Joseph Granados, 35, was found guilty of attempted murder, fleeing from police, illegal possession of a firearm and criminal mischief following an October trial in 3rd District Court.
Granados has a lengthy criminal history, and his docket entry contains aliases such as “J Psycho” and “Cyko.”
The incident began shortly after 4 p.m. on June 6, 2016, when Granados, driving a maroon sedan, pulled up next to a silver sedan traveling south on Grizzly Way. Granados looked “threateningly” at the driver before showing him a gun, West Jordan police Lt. Rich Bell said at the time, noting that police do not know what Granados’ motivation was.
The driver of the silver sedan sped off, and Granados chased after him, police say. At about 7900 South, Granados forced the silver car off the road while his sedan spun in the opposite direction. Bell said Granados then fired several rounds at the driver, hitting him once in the neck.
The driver of the silver car, a West Jordan man, survived the shooting.
Granados, though, fled the scene and was later tracked down by West Valley City police, who attempted a traffic stop but were unsuccessful. Police later chased Granados into Kearns, Bell said, taking him into custody after he abandoned his car and tried to flee on foot near 4800 West 4800 South.

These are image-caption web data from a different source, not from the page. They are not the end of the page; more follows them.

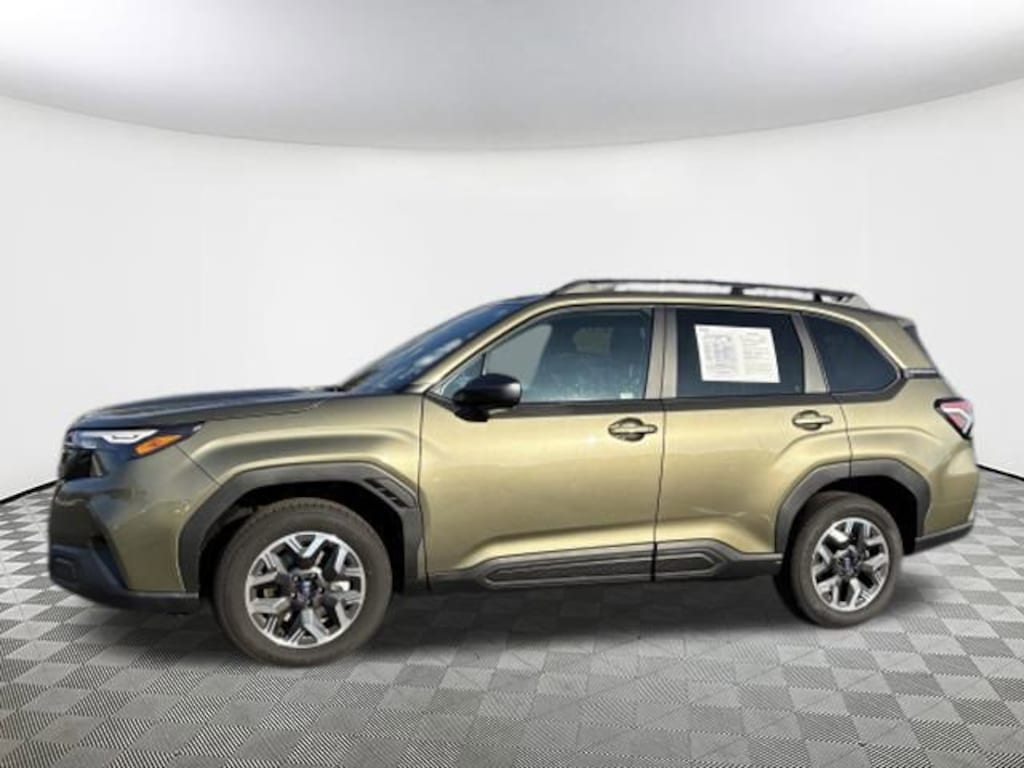 Certified 2026 Subaru Forester Premium Premium AWD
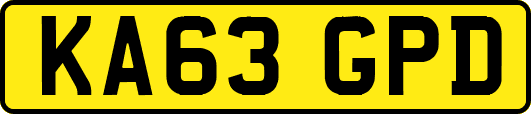 KA63GPD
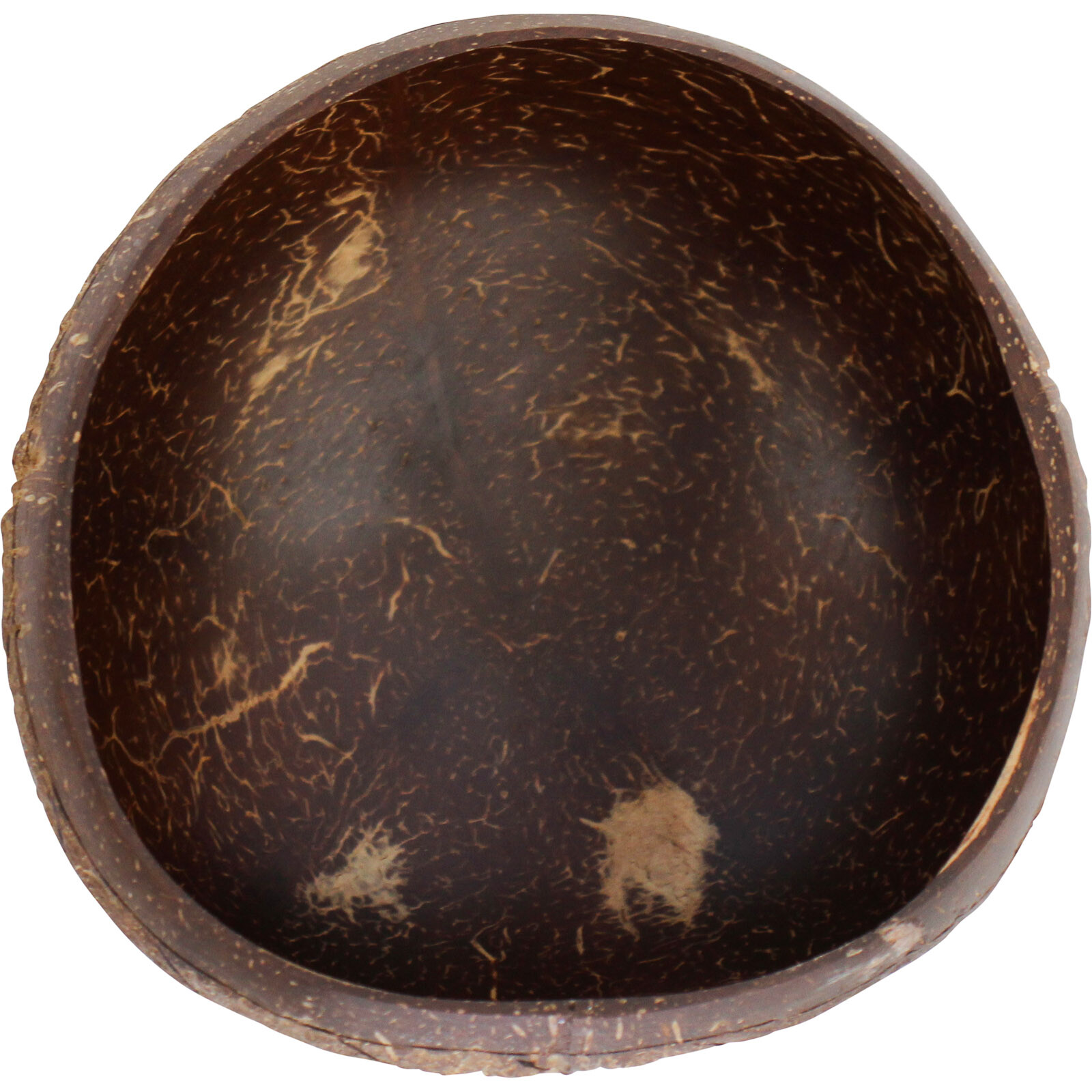 Coconut Bowl Carved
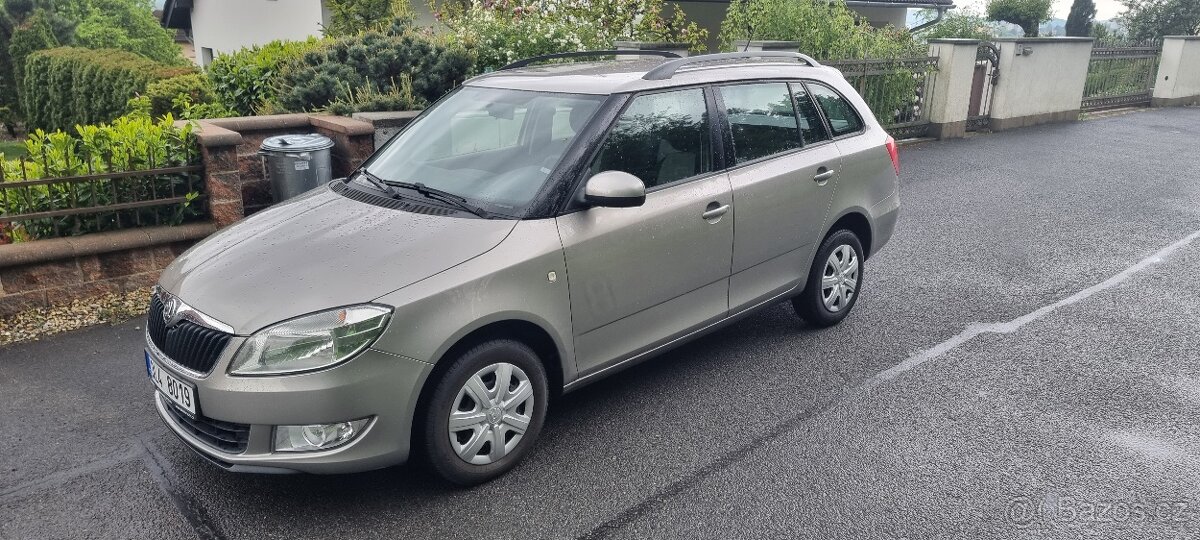 FABIA 2013 1,4i 63KW - 3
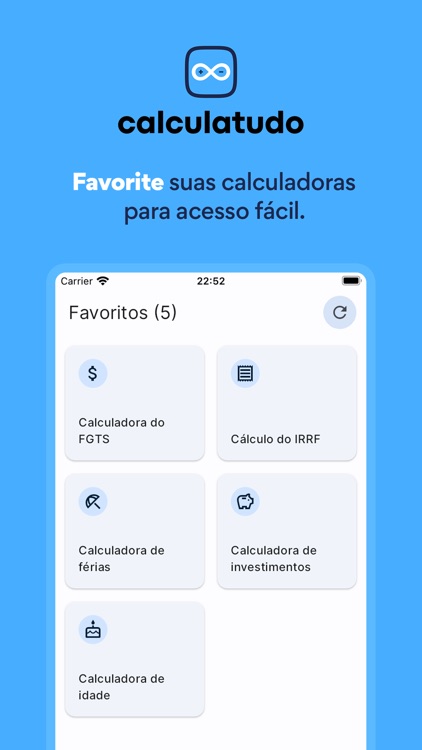 CalculaTudo: FGTS, IPVA e +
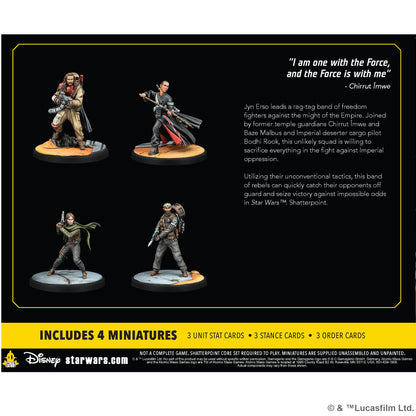 Star Wars: Shatterpoint - This is Rogue One Squad Pack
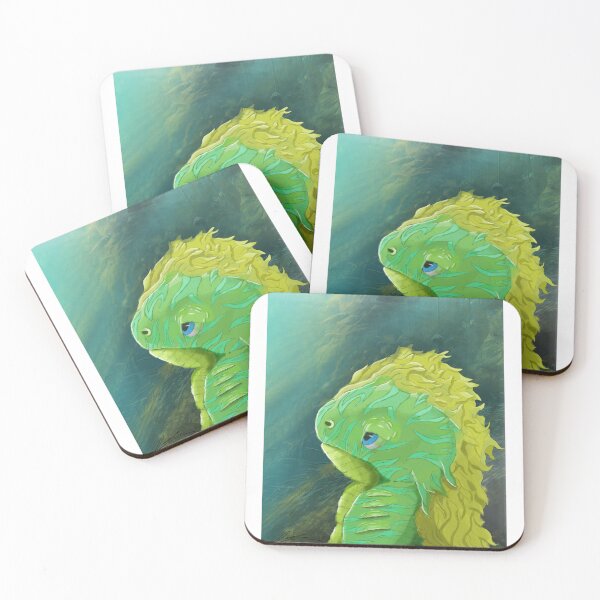 Item preview, The Kelp Saurian designed and sold by NoahDrexArts.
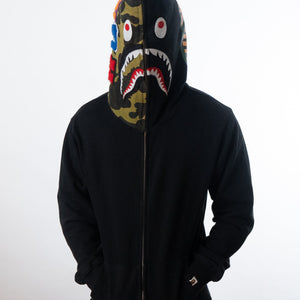 Aape By A Bathing Ape WGM  Shark Hoodie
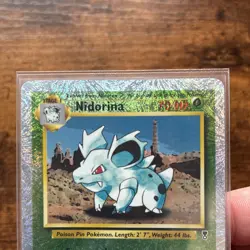 Nidorina 55/110 Reverse Holo Legendary Collection 2002 Pokemon Card - Image 2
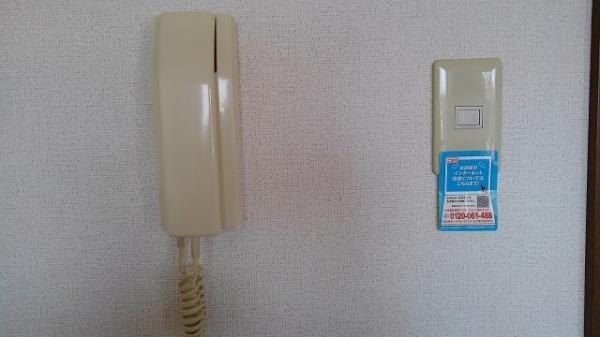 八街市八街ほのアパート(セキュリティ)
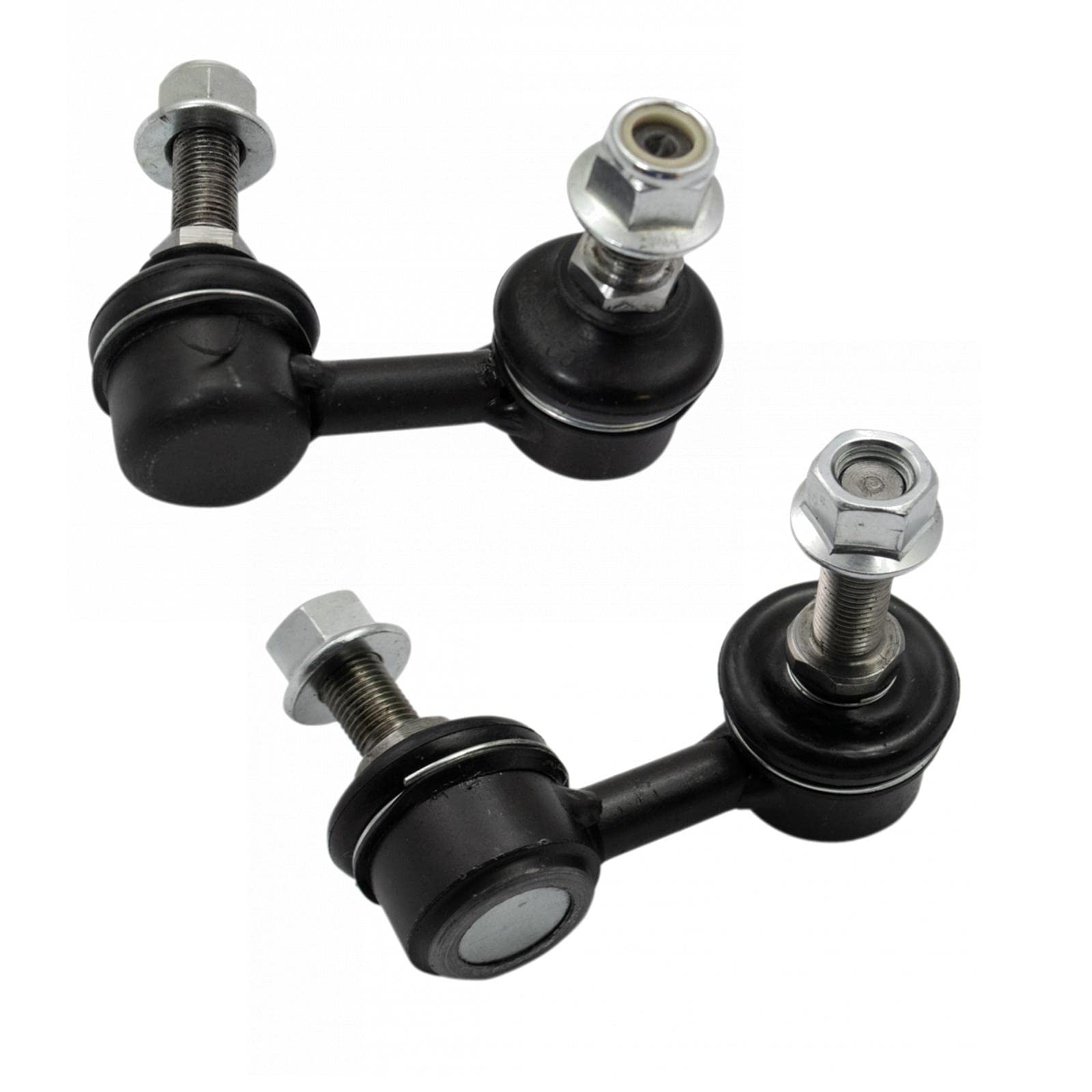 TRQ Front Stabilizer Sway Bar End Link Pair Driver Side Compatible with G35 G37 Q50 Q70 AWD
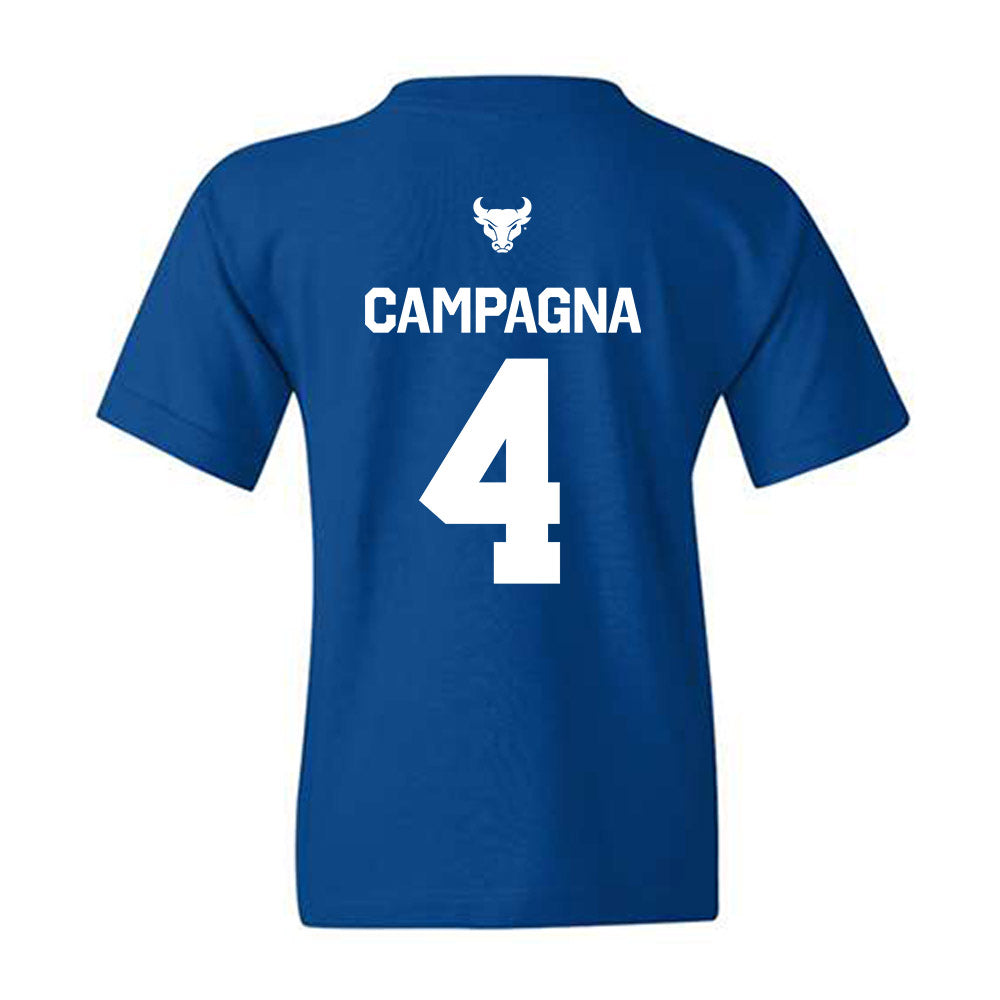 Buffalo - NCAA Women's Volleyball : Hailey Campagna - Classic Shersey Youth T-Shirt-1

During a Friday sentencing hearing, Judge Paul Parker saw it as a prison case, Cooley said.
“It was an entirely unprovoked attack,” Salt Lake County Deputy District Attorney Brad Cooley later told The Tribune.
Cooley said Parker noted during sentencing that there were audible gasps from the jury when shown video of the police chase following the shooting.
Ten counts of felony discharge of a firearm were merged into the attempted murder charge after Parker ruled that the elements needed to convict Granados of the crimes were included in the attempted murder charge.
Cooley said the state opposed the motion and viewed the firing of the gun as a separate criminal act, but putting forth the best argument for the attempted murder charge hindered the ability to present the best case on the discharge of a firearm counts.
“It was a bit of a catch-22,” he said.
The judge ordered consecutive prison terms on the attempted murder, fleeing from police, illegal possession of a firearm and criminal mischief counts — for sentence of four years to life, Cooley said.
While this case is wrapped up, Garanados is potentially facing more prison time. He has four pending criminal cases including felony charges of hit and run, rioting and failure to stop at the command of police.